Blair wydaje pamiętniki. Dochód dla inwalidów wojennych
Były brytyjski premier Tony Blair, przeznaczył cały dochód ze swoich mających się ukazać we wrześniu pamiętników, na ośrodek sportowy dla byłych żołnierzy - inwalidów wojennych. Będą to 4 miliony funtów zaliczki plus wszystkie przyszłe honoraria autorskie.
Ta decyzja Tony'ego Blaira to - jak powiedział jego rzecznik - "wyraz hołdu dla demonstrowanego co dzień męstwa sił zbrojnych i składanej przez nie ofiary". Istniejąca od czasu I Wojny Światowej organizacja kombatancka Legion Brytyjski jeszcze nigdy nie otrzymała tak wysokiego daru. Jej dyrektor Chris Simpkins przyznał, że ta suma zaparła mu dech w piersiach ale dodał, że ośrodek sportowy dla inwalidów nie zostanie z tego powodu nazwany imieniem byłego premiera.

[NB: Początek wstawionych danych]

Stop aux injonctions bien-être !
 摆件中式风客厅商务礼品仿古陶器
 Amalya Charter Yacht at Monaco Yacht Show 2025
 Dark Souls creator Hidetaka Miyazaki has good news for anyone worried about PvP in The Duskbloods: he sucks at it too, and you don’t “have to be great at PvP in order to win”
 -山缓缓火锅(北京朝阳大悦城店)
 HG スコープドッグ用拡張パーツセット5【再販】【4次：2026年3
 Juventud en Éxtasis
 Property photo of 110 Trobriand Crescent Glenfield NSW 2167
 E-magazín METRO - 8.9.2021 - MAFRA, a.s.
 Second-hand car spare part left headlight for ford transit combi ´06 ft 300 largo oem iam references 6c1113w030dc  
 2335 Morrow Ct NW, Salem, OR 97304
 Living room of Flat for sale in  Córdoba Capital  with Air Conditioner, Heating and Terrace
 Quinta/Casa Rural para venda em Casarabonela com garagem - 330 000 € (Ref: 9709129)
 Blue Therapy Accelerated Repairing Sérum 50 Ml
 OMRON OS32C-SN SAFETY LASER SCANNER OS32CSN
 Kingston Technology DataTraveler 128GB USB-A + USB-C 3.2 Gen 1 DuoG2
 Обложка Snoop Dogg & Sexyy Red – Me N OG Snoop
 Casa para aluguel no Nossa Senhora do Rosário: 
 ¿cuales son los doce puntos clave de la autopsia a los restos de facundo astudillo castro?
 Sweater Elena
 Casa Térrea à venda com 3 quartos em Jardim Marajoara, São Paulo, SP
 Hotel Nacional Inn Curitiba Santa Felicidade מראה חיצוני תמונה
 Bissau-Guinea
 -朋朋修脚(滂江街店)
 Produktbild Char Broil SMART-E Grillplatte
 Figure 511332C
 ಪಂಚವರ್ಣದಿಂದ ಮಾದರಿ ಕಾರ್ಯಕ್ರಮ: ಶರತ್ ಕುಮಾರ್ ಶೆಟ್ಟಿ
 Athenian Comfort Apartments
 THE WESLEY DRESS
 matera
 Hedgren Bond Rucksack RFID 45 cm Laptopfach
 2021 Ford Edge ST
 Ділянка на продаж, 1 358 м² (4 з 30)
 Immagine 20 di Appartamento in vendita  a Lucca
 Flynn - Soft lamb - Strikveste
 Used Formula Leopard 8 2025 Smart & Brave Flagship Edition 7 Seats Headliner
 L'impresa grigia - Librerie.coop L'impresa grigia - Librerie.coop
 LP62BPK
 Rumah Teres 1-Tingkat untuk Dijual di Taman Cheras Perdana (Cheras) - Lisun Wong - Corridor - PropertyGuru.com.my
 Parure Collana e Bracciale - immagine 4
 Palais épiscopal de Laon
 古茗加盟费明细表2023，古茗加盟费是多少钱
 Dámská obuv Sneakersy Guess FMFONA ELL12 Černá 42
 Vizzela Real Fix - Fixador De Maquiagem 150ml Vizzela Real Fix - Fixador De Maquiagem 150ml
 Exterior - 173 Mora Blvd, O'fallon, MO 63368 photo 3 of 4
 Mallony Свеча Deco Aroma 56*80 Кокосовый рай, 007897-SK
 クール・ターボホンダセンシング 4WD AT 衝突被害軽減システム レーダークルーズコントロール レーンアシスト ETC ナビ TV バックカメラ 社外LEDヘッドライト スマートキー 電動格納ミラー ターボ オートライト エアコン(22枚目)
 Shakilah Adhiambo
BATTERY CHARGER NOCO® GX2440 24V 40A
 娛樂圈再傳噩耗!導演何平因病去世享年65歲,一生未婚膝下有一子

Część inwalidów, ich rodzin i rodzin poległych przyjęła hojność autora interwencji w Kosowie, Sierra Leone, Iraku i Afganistanie z mieszanymi uczuciami. Ojciec jednego z poległych powiedział, że cieszy go ten dar ale i tak ma nadzieję, że zobaczy jeszcze Blaira na ławie oskarżonych. Matka innego, stwierdziła, że są to krwawe pieniądze. Ale były kapral Simon Brown, ranny 4 lata temu w głowę w Iraku powiedział BBC: - Tony Blair nie musiał się zrzekać tych pieniędzy, mógł je włożyć do banku. Jeśli to ulży jego sumieniu, to czemu nie?